2C4H10(g)+13O(g)-> 8CO2(g)+10H2O(l)

At 1.00 atm and 23C , what is the volume of carbon dioxide formed by the combustion of 3.40 grams of butane?

PV=nRT or n=PV/RT
R=0.08206

To find the volume of carbon dioxide formed by the combustion of 3.40 grams of butane, we need to calculate the number of moles of butane and use the balanced equation to determine the number of moles of carbon dioxide produced.
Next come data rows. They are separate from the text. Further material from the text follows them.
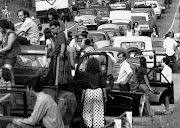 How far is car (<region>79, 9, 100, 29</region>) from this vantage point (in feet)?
140

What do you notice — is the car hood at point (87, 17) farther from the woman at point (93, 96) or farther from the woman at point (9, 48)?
the woman at point (93, 96)

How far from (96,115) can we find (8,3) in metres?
51.8

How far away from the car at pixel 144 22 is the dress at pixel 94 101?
27747 mm

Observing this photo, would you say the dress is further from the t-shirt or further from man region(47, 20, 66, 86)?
the t-shirt

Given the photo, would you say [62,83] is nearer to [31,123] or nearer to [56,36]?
[56,36]

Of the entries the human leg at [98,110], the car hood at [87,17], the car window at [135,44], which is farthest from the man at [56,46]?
the car hood at [87,17]

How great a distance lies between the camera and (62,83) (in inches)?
502

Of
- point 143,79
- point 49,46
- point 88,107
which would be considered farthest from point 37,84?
A: point 143,79

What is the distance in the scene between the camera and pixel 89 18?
4375 centimetres

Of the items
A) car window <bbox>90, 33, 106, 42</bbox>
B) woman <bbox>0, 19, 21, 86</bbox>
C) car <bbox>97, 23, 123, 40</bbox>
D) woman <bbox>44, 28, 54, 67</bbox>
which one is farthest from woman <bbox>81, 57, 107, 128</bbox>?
car <bbox>97, 23, 123, 40</bbox>

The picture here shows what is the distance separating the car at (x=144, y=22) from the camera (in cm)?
4088

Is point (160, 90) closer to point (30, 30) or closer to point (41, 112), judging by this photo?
point (30, 30)

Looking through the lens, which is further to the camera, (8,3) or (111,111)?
(8,3)

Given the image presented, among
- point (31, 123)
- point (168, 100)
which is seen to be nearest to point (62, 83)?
point (31, 123) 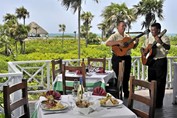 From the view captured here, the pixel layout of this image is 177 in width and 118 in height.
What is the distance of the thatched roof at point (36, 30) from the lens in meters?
26.1

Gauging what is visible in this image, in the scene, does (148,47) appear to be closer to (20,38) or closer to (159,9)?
(159,9)

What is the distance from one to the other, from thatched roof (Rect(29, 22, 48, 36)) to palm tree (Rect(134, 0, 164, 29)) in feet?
38.5

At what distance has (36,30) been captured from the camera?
27.1 m

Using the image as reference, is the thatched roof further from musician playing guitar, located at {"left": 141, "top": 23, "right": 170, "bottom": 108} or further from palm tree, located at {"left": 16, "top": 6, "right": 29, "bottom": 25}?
musician playing guitar, located at {"left": 141, "top": 23, "right": 170, "bottom": 108}

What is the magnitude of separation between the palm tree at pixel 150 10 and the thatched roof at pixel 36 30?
1173cm

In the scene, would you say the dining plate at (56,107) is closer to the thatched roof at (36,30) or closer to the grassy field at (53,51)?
the grassy field at (53,51)

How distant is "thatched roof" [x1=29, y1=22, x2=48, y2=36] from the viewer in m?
26.1

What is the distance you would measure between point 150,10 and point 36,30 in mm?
13055

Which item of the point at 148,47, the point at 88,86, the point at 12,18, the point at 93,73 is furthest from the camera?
the point at 12,18

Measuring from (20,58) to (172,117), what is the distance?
17.9 metres

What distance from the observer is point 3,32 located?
74.6 ft

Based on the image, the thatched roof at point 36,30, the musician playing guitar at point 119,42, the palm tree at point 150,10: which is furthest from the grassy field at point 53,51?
the musician playing guitar at point 119,42

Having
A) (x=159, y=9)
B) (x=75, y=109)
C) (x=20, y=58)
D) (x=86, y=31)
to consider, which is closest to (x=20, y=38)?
(x=20, y=58)

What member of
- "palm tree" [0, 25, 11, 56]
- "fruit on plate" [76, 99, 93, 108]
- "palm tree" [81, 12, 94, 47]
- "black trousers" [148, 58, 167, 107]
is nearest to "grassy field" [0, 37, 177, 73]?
"palm tree" [0, 25, 11, 56] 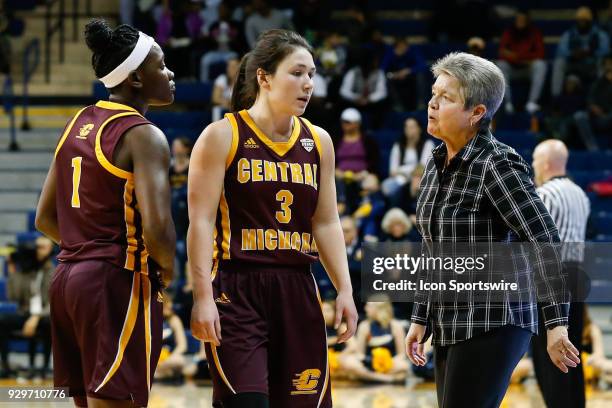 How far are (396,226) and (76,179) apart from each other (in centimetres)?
658

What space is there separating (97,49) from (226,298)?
105 centimetres

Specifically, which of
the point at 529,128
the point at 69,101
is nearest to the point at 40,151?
the point at 69,101

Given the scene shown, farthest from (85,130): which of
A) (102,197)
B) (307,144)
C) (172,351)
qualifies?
(172,351)

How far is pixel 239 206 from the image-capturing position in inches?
171

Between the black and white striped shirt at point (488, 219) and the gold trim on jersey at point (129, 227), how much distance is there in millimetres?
1101

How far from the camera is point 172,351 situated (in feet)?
34.2

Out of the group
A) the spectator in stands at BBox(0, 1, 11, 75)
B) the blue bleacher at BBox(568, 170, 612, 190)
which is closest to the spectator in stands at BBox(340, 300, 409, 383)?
the blue bleacher at BBox(568, 170, 612, 190)

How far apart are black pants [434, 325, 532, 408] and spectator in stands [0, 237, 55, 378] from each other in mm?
6632

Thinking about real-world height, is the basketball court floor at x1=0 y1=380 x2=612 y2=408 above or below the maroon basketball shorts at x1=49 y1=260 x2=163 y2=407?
below

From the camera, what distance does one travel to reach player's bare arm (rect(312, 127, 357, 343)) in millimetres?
4551

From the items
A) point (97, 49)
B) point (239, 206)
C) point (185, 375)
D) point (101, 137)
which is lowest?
point (185, 375)

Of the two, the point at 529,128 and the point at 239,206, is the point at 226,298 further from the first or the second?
the point at 529,128

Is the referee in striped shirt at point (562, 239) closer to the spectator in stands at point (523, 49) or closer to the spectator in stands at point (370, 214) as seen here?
the spectator in stands at point (370, 214)

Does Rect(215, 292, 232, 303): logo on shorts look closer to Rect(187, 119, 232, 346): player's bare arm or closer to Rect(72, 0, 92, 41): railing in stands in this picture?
Rect(187, 119, 232, 346): player's bare arm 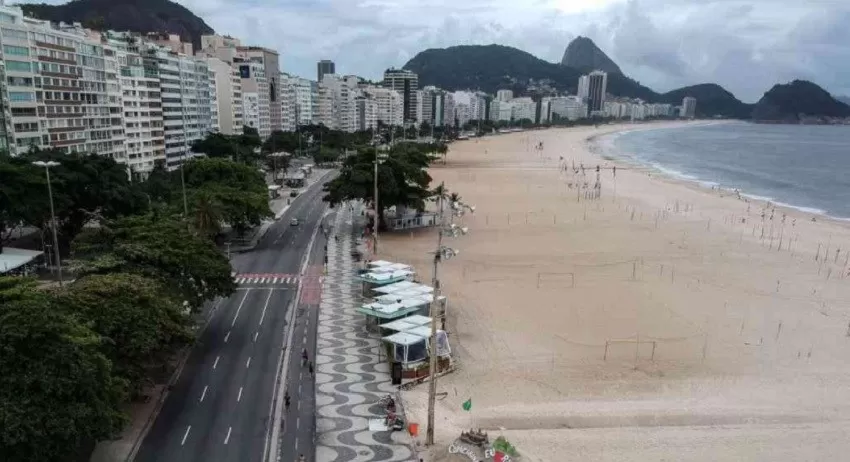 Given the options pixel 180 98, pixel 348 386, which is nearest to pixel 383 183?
pixel 348 386

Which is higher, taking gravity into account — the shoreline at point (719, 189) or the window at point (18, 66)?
the window at point (18, 66)

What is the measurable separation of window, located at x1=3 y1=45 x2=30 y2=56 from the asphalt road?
1209 inches

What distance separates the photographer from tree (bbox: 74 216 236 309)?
90.6 feet

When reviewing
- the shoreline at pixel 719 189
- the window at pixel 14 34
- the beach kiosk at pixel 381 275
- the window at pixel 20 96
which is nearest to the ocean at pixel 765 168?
the shoreline at pixel 719 189

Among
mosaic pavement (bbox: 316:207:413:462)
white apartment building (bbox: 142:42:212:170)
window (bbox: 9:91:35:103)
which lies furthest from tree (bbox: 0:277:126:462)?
white apartment building (bbox: 142:42:212:170)

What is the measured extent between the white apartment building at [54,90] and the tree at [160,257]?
30154mm

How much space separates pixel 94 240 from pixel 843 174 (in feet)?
402

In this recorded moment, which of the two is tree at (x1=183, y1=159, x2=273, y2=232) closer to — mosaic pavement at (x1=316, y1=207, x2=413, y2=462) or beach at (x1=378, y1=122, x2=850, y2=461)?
beach at (x1=378, y1=122, x2=850, y2=461)

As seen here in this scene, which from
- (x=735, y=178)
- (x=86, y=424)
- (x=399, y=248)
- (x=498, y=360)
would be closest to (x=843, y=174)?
(x=735, y=178)

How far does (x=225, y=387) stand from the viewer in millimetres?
25719

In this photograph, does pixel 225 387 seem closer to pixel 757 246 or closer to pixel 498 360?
pixel 498 360

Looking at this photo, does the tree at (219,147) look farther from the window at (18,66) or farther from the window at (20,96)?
the window at (18,66)

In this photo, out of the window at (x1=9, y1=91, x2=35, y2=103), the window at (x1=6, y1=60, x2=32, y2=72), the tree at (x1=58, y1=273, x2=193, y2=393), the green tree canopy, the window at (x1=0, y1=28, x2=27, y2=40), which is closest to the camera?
the tree at (x1=58, y1=273, x2=193, y2=393)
Then we can use the ideal gas law to find the volume of carbon dioxide.

Step 1: Calculate the number of moles of butane.
To calculate the number of moles of butane, we need to use the molar mass of butane (C4H10), which is the sum of the molar masses of carbon (C) and hydrogen (H).

Molar mass of C = 12.01 g/mol
Molar mass of H = 1.008 g/mol

Molar mass of C4H10 = 4(12.01 g/mol) + 10(1.008 g/mol)

Step 2: Calculate the number of moles of butane.
To calculate the number of moles of butane, we can use the formula:

moles = mass / molar mass

moles of butane = 3.40 g / molar mass of C4H10

Step 3: Use the balanced equation to determine the number of moles of carbon dioxide.
From the balanced equation, we can see that for every 2 moles of butane combusted, 8 moles of carbon dioxide are formed.

moles of carbon dioxide = (moles of butane) x (8 moles of CO2 / 2 moles of C4H10)

Step 4: Use the ideal gas law to find the volume of carbon dioxide.
We can use the ideal gas law equation, PV = nRT, to find the volume of carbon dioxide.

V = (n x R x T) / P

where:
V = volume of carbon dioxide (unknown)
n = number of moles of carbon dioxide
R = ideal gas constant (0.08206 L·atm·mol^−1·K^−1)
T = temperature in Kelvin (23°C = 23 + 273 = 296 K)
P = pressure (1.00 atm)

V = (moles of carbon dioxide x R x T) / P

Now you can plug in the values to calculate the volume of carbon dioxide formed by the combustion of 3.40 grams of butane.